■ **Entries taken from a collection**
_____

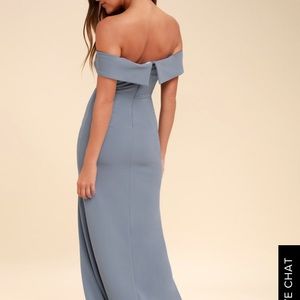 Song Of Love Off Shoulder Blue-Grey Maxi Dress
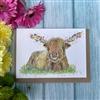 A6 Eco Card - Floral Ear Highland Cow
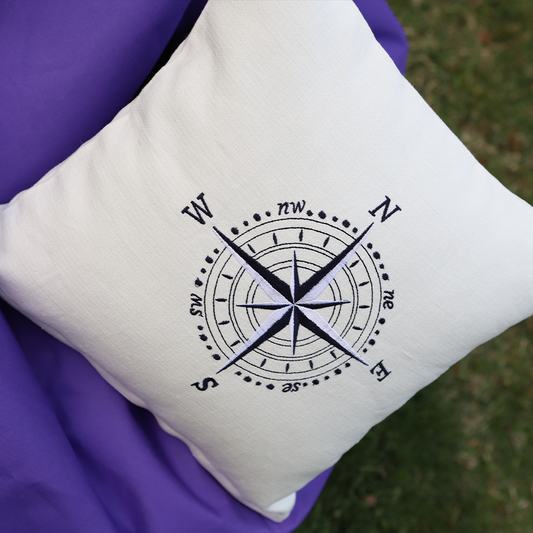 PUSULA NAKIŞLI BEYAZ KETEN JAKARLI KIRLENT KILIFI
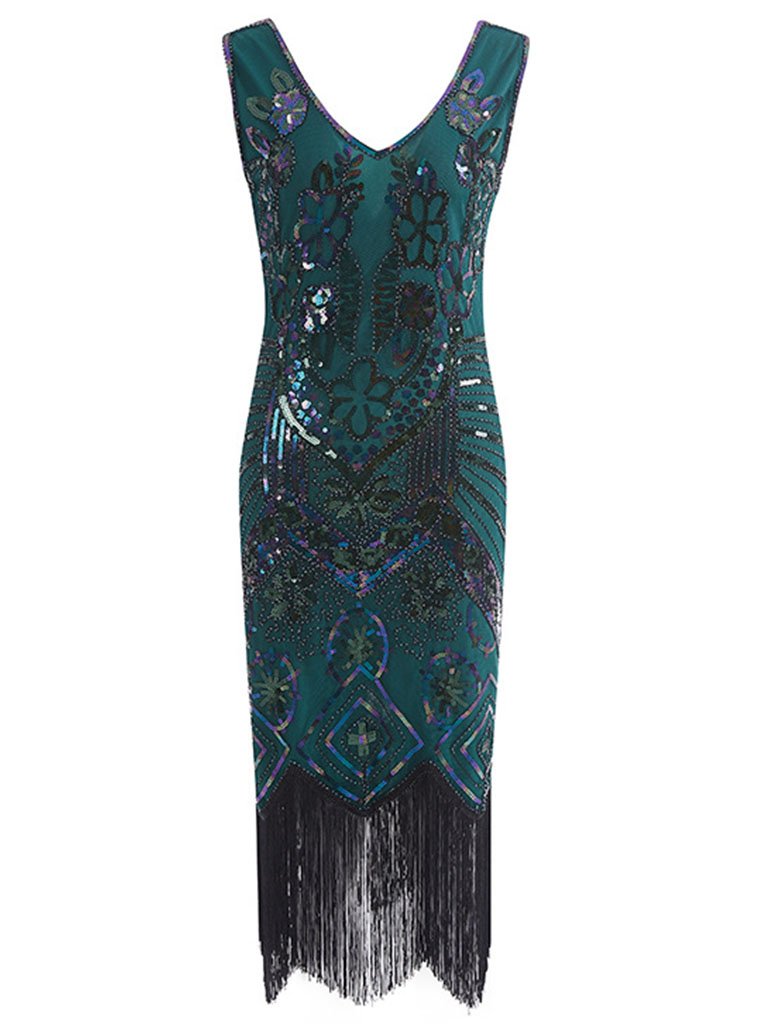 1920S Floral Fringed Sequin Gatsby Dress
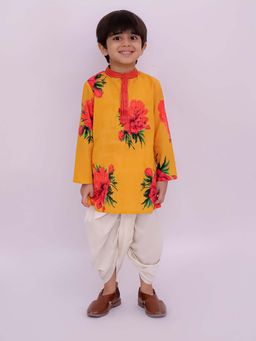 Lil Drama - Genda Phool Mustard Kurta & White Dhoti
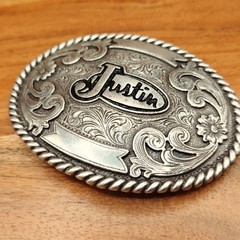 Large Oval Western Justin Engraved Floral Scroll Cowboy Belt Buckle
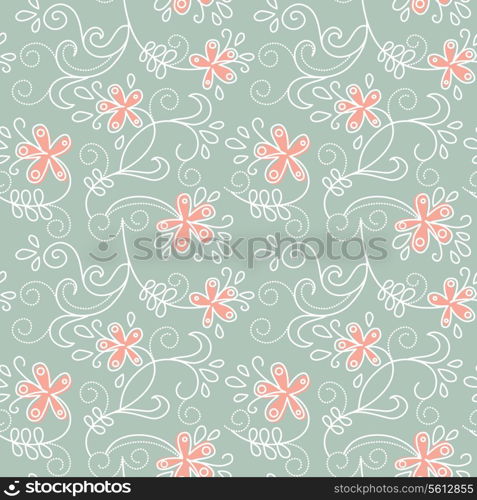 &#x9;Floral ornament. Vector illustration of summer background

_____

■ **EXERCISE AIM**
Give the data again word for word, without pictures.

■ **TASK ANSWER**
 Song Of Love Off Shoulder Blue-Grey Maxi Dress
 A6 Eco Card - Floral Ear Highland Cow
 PUSULA NAKIŞLI BEYAZ KETEN JAKARLI KIRLENT KILIFI
 1920S Floral Fringed Sequin Gatsby Dress
 Lil Drama - Genda Phool Mustard Kurta & White Dhoti
 Large Oval Western Justin Engraved Floral Scroll Cowboy Belt Buckle
 &#x9;Floral ornament. Vector illustration of summer background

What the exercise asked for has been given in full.